It fulfills the simple requirement for sure. You can do what you want in just a couple of lines of code!
jsoup is a Java library for working with real-world HTML. It provides
a very convenient API for extracting and manipulating data, using the
best of DOM, CSS, and jquery-like methods.
jsoup implements the WHATWG HTML5 specification, and parses HTML to
the same DOM as modern browsers do.
scrape and parse HTML from a URL, file, or string
find and extract data, using DOM traversal or CSS selectors
jsoup is designed to deal with all varieties of HTML found in the
wild; from pristine and validating, to invalid tag-soup; jsoup will
create a sensible parse tree.
Using the selector syntax makes finding and extracting data extremely simple.
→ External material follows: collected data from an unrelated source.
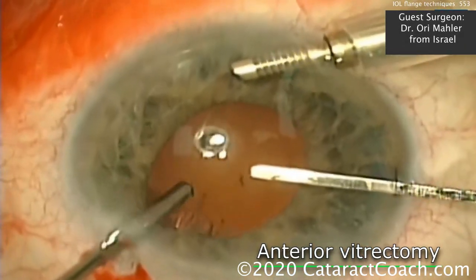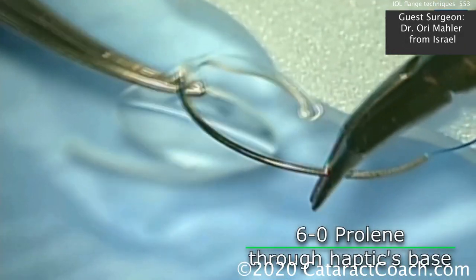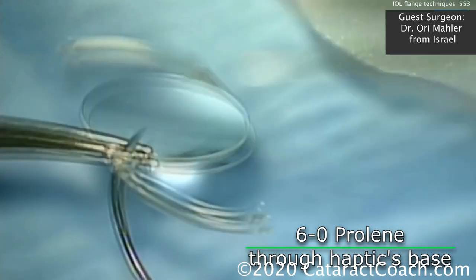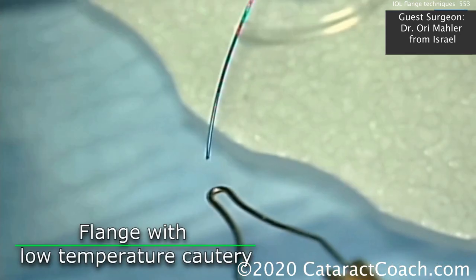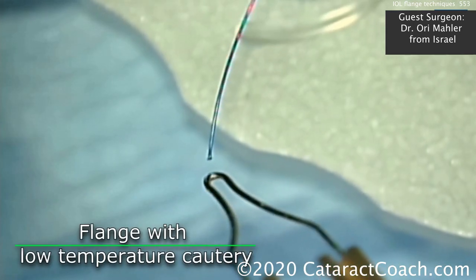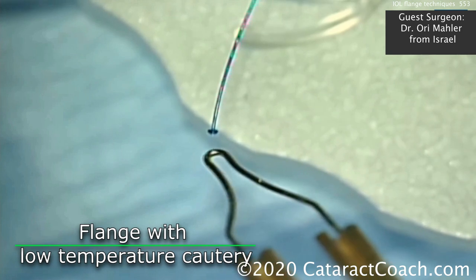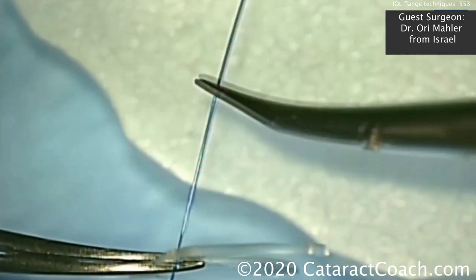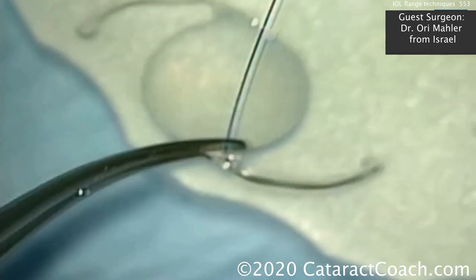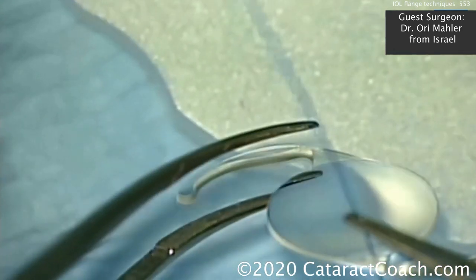Let's look at another case: antervitrectomy, no capsular support — a double flange. First, using a 6-0 prolene and using the suture itself to push it through the haptic-optic junction. Then apply a little bit of cautery on the 6-0 prolene suture, creating a nice strong flange. Pull that through and you can see it's going to stop just right there.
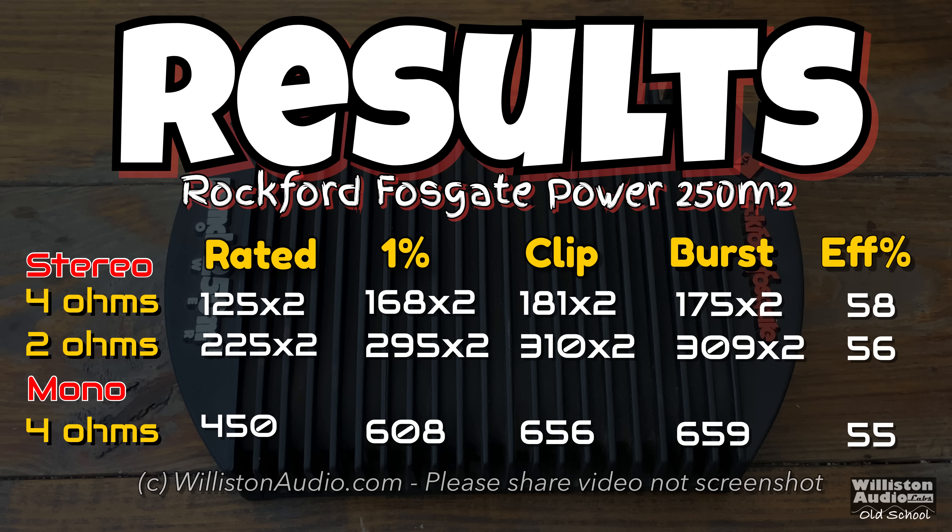Here are the results — you can pause this if you want to see. We just showed you all those tests, and I'm sure you're asking about the 2 ohm mono. We'll stick around to the very end and I'll do some additional tests and show you why I didn't really show that here.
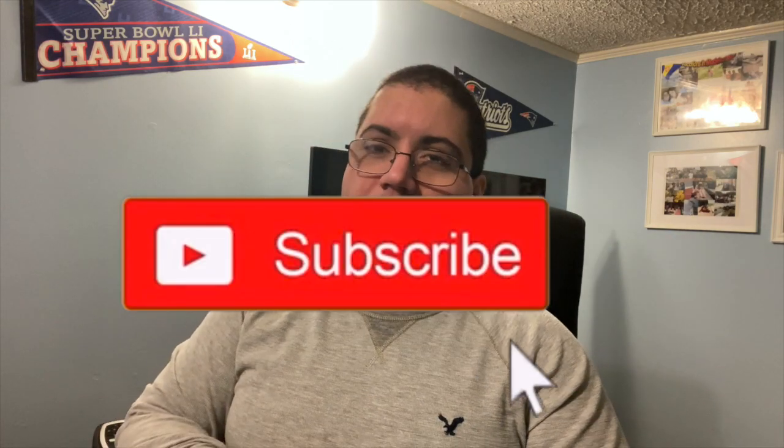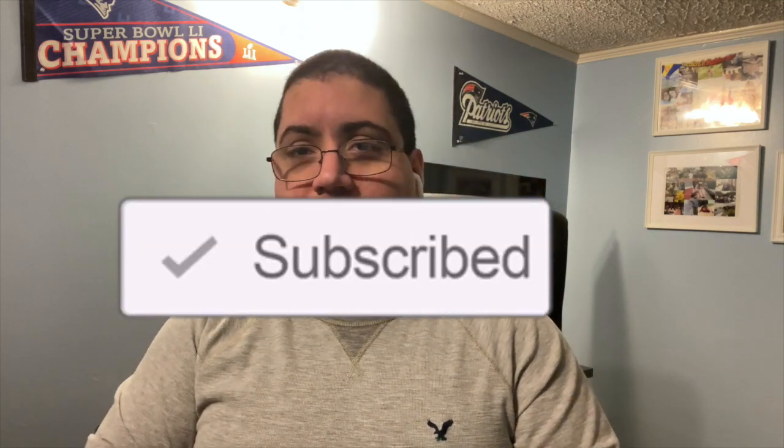I hope you guys enjoyed the video — please like and subscribe if you're new. If you have any questions about either the buds Patrick reviewed or the ones I talked about, let me know in the comments below and we'll answer them. If you want to see Patrick in more of my videos, let me know in the comments. We could do a future comparison of his phone versus mine — let me know what you want to see. All right guys, we'll see you in the next video.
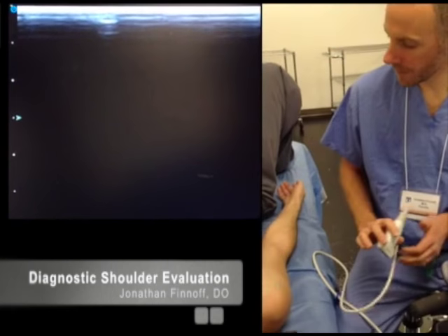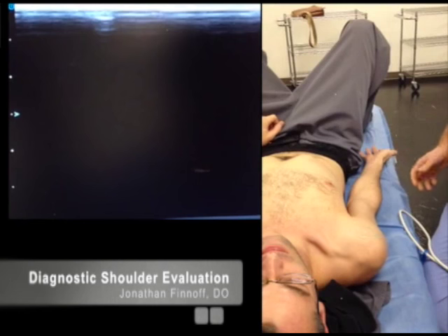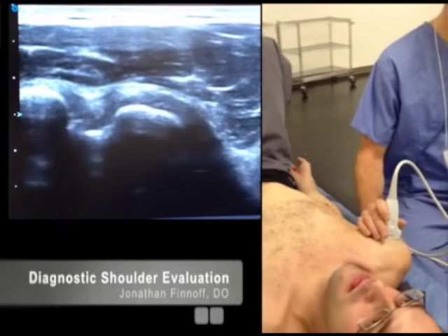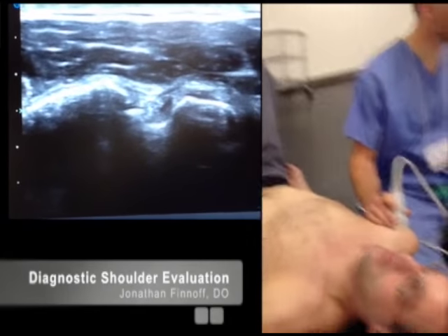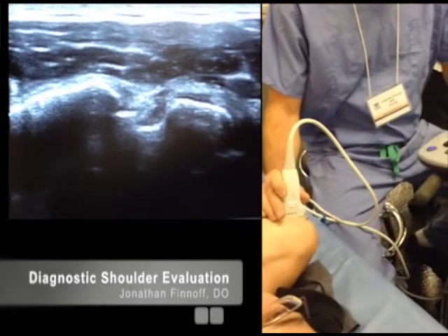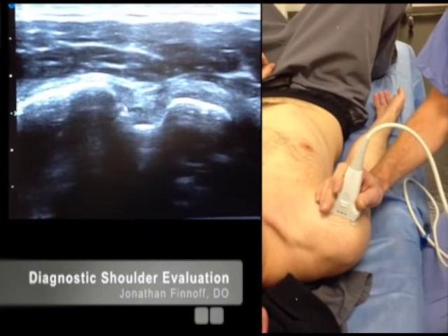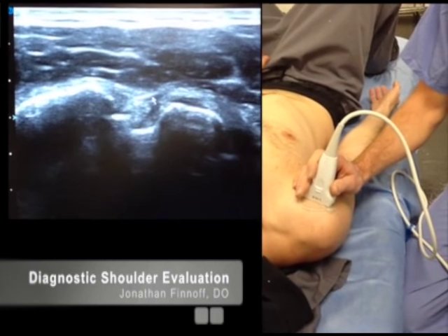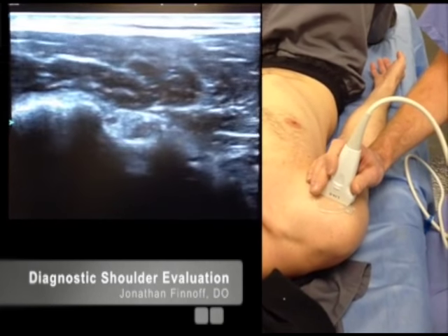The first structure we're going to look at is the biceps tendon. I have the patient with their arm at their side and their palm up in a supinated position. On the screen, medial is on the right, lateral is on the left. The intertubercular groove is in the middle of the screen with the biceps tendon right there. Sitting over the top of the biceps tendon is the transverse humeral ligament, which holds the biceps tendon in the groove.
public static void main(final String[] args)
{
final String s = "<div><div id=\"mainContent\">foo bar<div>good best better</div> <div>test test</div></div><div>foo bar</div></div>";
final Document d = Jsoup.parse(s);
final Elements e = d.select("#mainContent");
System.out.println(e.get(0));
}
outputs
<div id="mainContent">
foo bar
<div>
good best better
</div>
<div>
test test
</div>
</div>
Doesn't get much more simple than that!
I'm afraid the answer is: You don't. At least not with a "simple" program...
But there is hope: You can use a HTML parser library (like NekoHTML or HTMLParser, although the latter project seems to be dead) to parse the string and retrive the part you need.